Sure you can do that. However I think we were talking about memcg
dirty limits, in which case we still have good chances to keep the
0.5s per inode granularity by making the dirty limits high so that it
won't be hit normally. Only when there comes lots of memory cgroups
that the flusher cannot easily safeguard fairness among them, we may
consider decreasing the writeback chunk size.

> requirement was to switch to a new inode every 0.5s, now the requirement is
> to switch to a new inode in each cgroup every 0.5s). In the end, we may end
> up increasing the write_chunk by some factor like \sqrt(number of memcgs)
> to get some middle ground between the guaranteed small latency and
> reasonable total throughput but before I'd go for such hacks, I'd wait to
> see real numbers - e.g. paying 10% of total throughput for partitioning the
> machine into 10 IO intensive cgroups (as in your tests with dd's) would be
> a reasonable cost in my opinion.

For IO cgroups, I'd always prefer to avoid partitioning the dirty pages
and async IO queue so as to avoid such embarrassing tradeoffs in the
first place :-)

> Also the granularity of IO completions should depend more on the
> granularity of IO scheduler (CFQ) rather than the granularity of flusher
> thread as such so I wouldn't think that would be a problem.

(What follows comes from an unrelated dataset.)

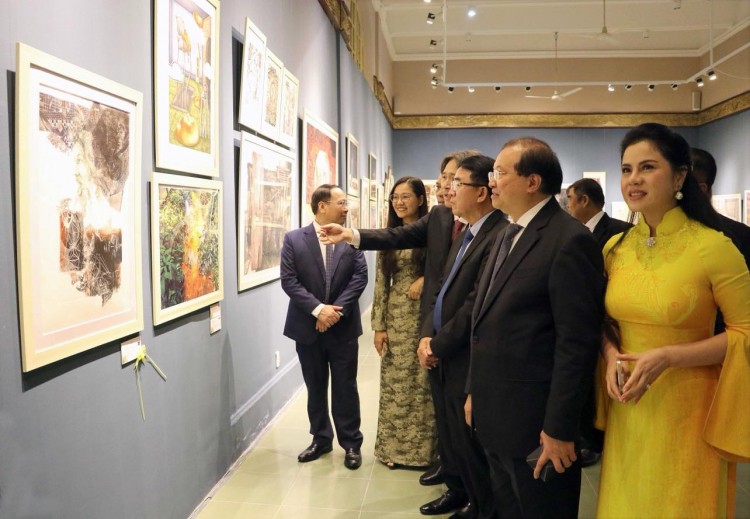 The 2024 ASEAN Graphic Arts Exhibition, held at the Hải Phòng Museum, is open to the public until December 20. The free exhibition showcases 153 pieces of art from 131 artists across ASEAN nations, including Brunei, Cambodia, Indonesia, Laos, Malaysia, Myanmar, the Philippines, Singapore, Thailand, and Việt Nam. The exhibits highlight the culture, people, and nature of each nation, address contemporary issues, promote peace, and celebrate the strong, ongoing multilateral ties within ASEAN. They are created using a wide range of materials and techniques such as metal engraving, wood carving, monotype printing, embossing, gum printing, and screen printing. The 2024 ASEAN Graphic Arts Exhibition, held at the Hải Phòng Museum, is open to the public until December 20. The free exhibition showcases 153 pieces of art from 131 artists across ASEAN nations, including Brunei, Cambodia, Indonesia, Laos, Malaysia, Myanmar, the Philippines, Singapore, Thailand, and Việt Nam. The exhibits highlight the culture, people, and nature of each nation, address contemporary issues, promote peace, and celebrate the strong, ongoing multilateral ties within ASEAN. They are created using a wide range of materials and techniques such as metal engraving, wood carving, monotype printing, embossing, gum printing, and screen printing.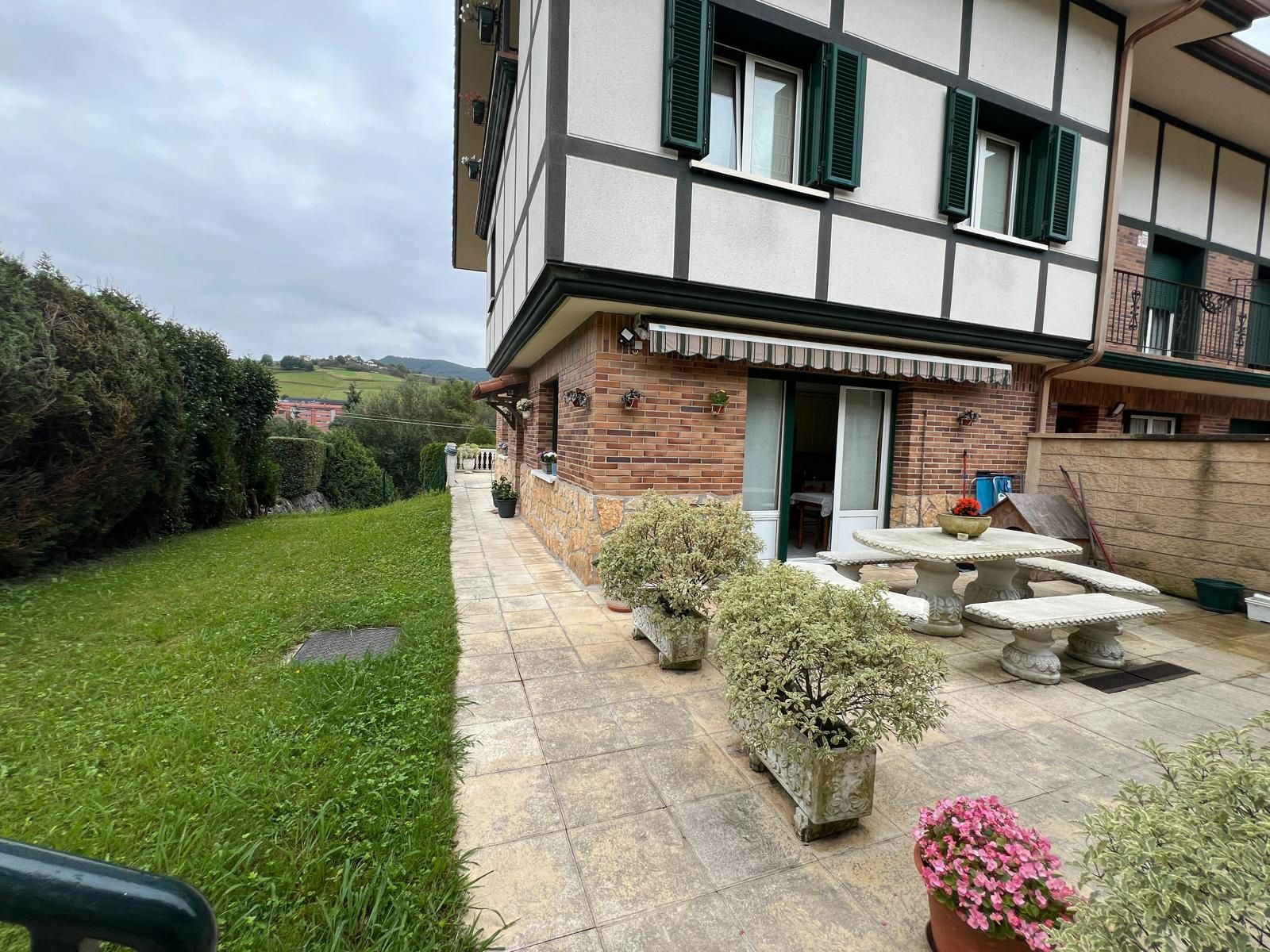 Garden of Single-family semi-detached for sale in Andoain  with Heating, Private garden and Parquet flooring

By avoiding the partitions, we'll cancel the fairness problem. So
the coarse granularity of flusher won't be a problem for IO cgroups at
all. balance_dirty_pages() will do proper throttling when dirty pages
are created, based directly on the blkcg weights and ongoing IO.
After that all async IOs go as a single stream from the flusher to the
storage. There are no need for page tracking. No split inode lists and
hence granularity or shared inodes issues for the flusher. Above all
there will be no degradation of performance at all, whether it be
throughput, latency or responsiveness.